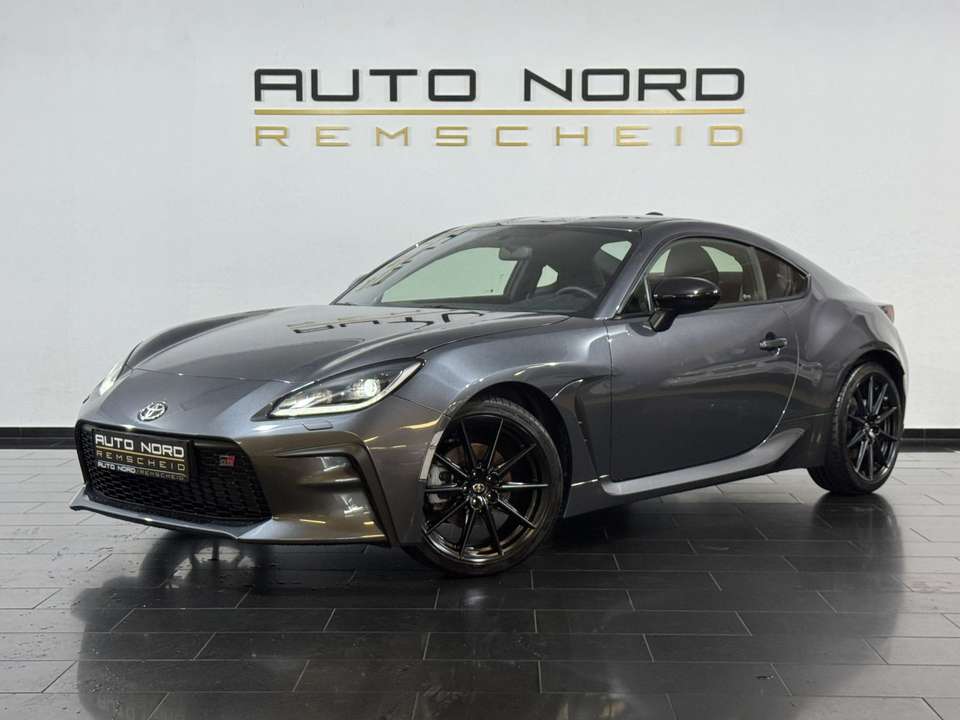 Toyota GR86 - Imagem 1
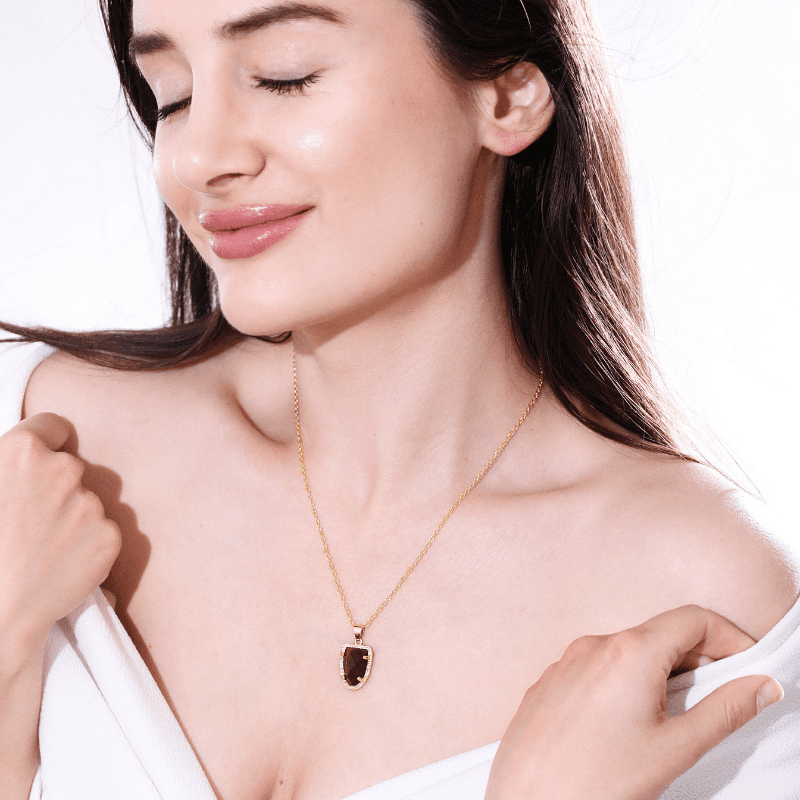 Collana "Incanto dei Minerali" con Quarzo, Ametista e Occhio di Tigre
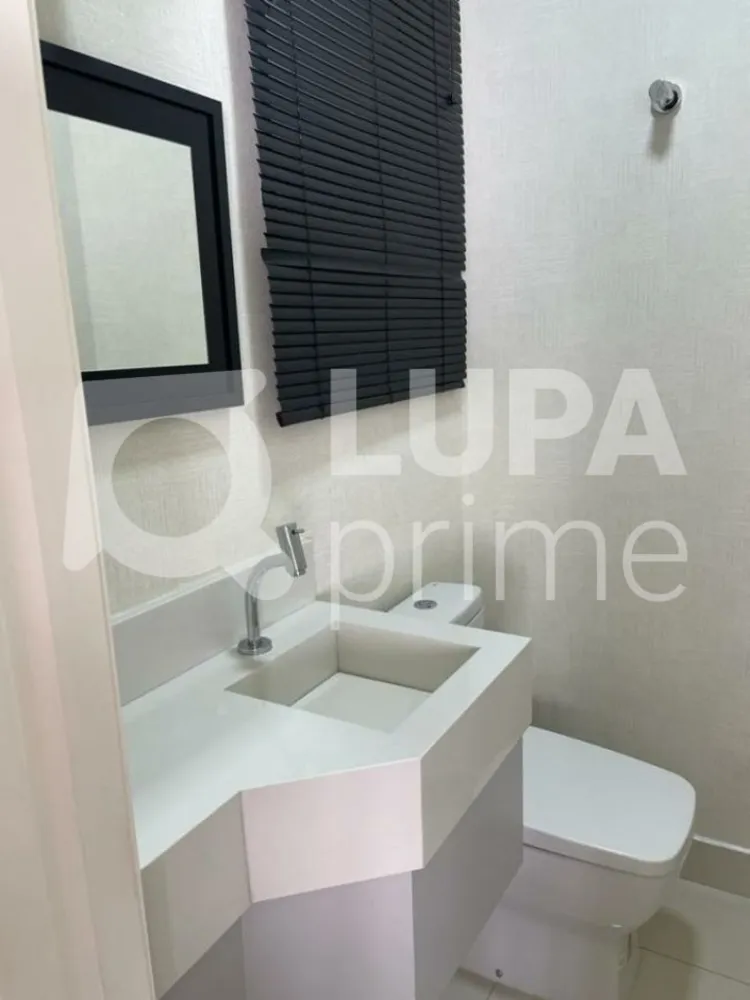 Casa, 3 quartos, 221 m² - Foto 2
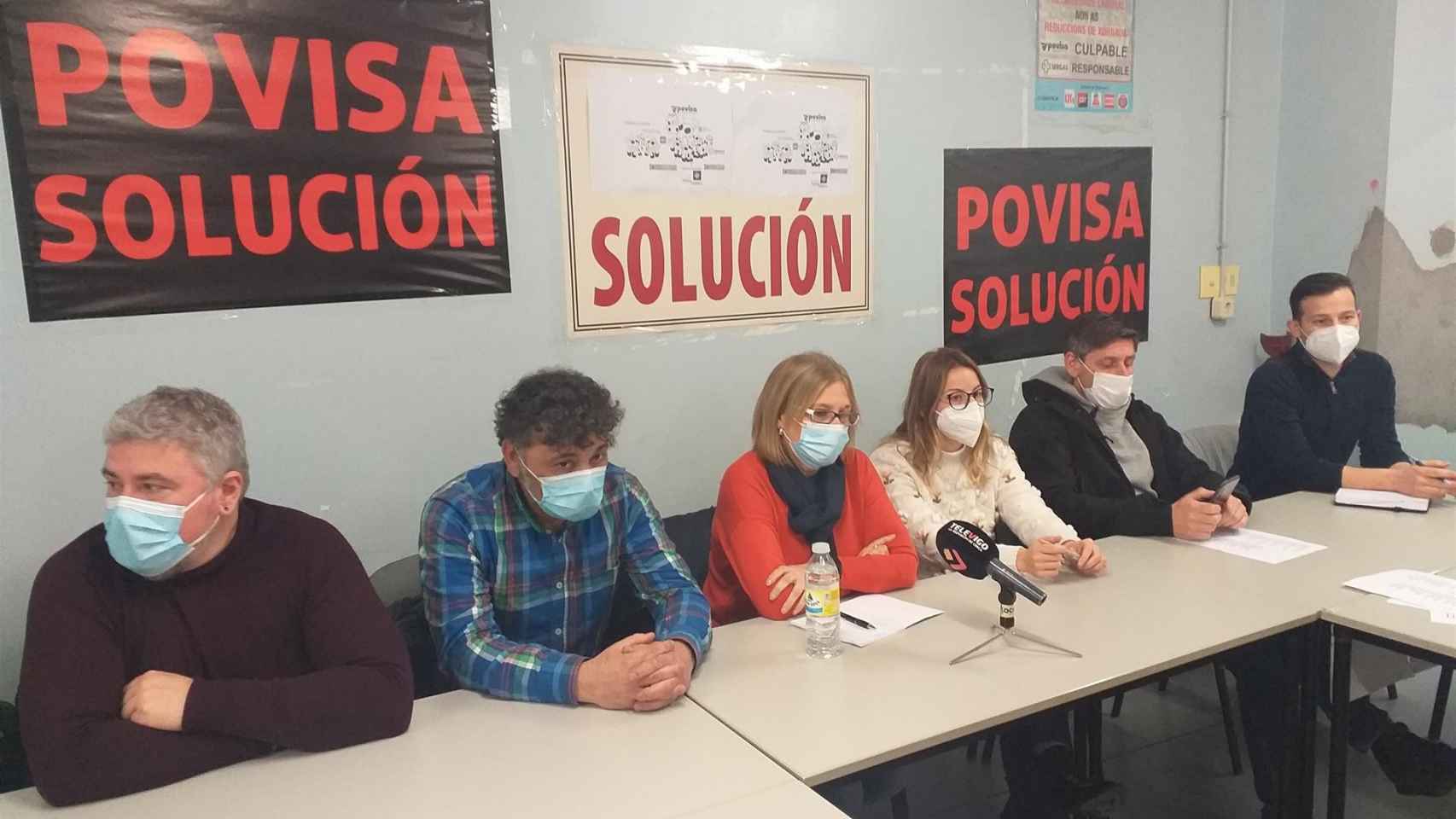 Miembros del comité de empresa del hospital Povisa (Ribera Salud) de Vigo, con su presidenta, Chus Neira, en el centro.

◆ **Description of the task**
Repeat the full listing above exactly, with no pictures in the copy.

◆ **Solution to this exercise**
 Toyota GR86 - Imagem 1
 Collana "Incanto dei Minerali" con Quarzo, Ametista e Occhio di Tigre
 Casa, 3 quartos, 221 m² - Foto 2
 Miembros del comité de empresa del hospital Povisa (Ribera Salud) de Vigo, con su presidenta, Chus Neira, en el centro.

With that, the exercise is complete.